I can't believe that October arrived so quickly. I kind of wish that I was back in the States prepping for Halloween by carving pumpkins and eating candy, but Filipinos have been celebrating Christmas since the start of September so it's been kind of nice to be in the holiday mood extra early. Malls and stores have their Christmas decorations set up and are playing Christmas songs (Filipinos love Christmas as you can tell). The first month of the semester flew by as I got thrown back in the swing of things with the fast pace of school and its deadlines.

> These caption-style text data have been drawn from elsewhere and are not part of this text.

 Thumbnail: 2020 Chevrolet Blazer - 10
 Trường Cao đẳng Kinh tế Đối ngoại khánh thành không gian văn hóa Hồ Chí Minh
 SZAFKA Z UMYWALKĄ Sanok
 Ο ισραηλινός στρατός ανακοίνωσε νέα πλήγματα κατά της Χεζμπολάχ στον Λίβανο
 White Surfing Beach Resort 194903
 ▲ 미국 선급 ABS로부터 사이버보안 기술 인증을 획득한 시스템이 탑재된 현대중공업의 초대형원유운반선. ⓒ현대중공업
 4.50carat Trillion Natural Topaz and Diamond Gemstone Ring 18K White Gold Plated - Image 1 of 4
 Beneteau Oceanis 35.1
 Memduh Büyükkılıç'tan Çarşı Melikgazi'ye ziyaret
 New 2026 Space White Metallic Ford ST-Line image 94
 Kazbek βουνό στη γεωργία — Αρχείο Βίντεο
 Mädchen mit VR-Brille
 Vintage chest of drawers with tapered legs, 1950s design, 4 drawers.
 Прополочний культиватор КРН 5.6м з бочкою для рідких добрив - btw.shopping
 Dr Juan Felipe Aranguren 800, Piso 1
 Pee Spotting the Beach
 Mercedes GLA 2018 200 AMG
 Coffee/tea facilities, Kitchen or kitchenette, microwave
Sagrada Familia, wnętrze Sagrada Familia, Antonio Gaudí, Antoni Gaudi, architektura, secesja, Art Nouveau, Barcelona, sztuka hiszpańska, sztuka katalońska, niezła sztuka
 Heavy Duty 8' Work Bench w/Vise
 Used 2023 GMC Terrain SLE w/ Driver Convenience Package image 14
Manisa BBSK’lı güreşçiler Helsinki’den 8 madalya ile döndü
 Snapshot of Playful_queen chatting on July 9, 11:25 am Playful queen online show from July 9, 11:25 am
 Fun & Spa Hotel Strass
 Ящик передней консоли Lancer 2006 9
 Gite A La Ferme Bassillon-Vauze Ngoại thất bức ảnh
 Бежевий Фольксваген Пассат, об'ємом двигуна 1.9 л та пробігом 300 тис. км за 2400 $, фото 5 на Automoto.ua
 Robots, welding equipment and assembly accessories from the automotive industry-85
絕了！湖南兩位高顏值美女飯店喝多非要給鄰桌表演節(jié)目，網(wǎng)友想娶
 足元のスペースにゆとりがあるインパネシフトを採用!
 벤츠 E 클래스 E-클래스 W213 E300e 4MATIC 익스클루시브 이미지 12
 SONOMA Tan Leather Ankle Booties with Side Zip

The semester break was really helpful in terms of rest, but at times I feel just as tired as I was before the break since everything is so chaotic.

Walking back home with Erika on a typhoon-y day. 
This past month, there have been a few typhoon-y days, which are slightly awful if Erika and I still need to trek to a coffee shop for internet for our online classes. The rain combined the wind drench your clothes and unfortunately umbrellas don't do too much :( But I am grateful for my current homestay location, as my previous community was badly flooded during one of the typhoons since it's next to a river. I saw on the news that people in the area were getting around via boat and a lot of people had to be evacuated from their homes due to how high the waters rose. 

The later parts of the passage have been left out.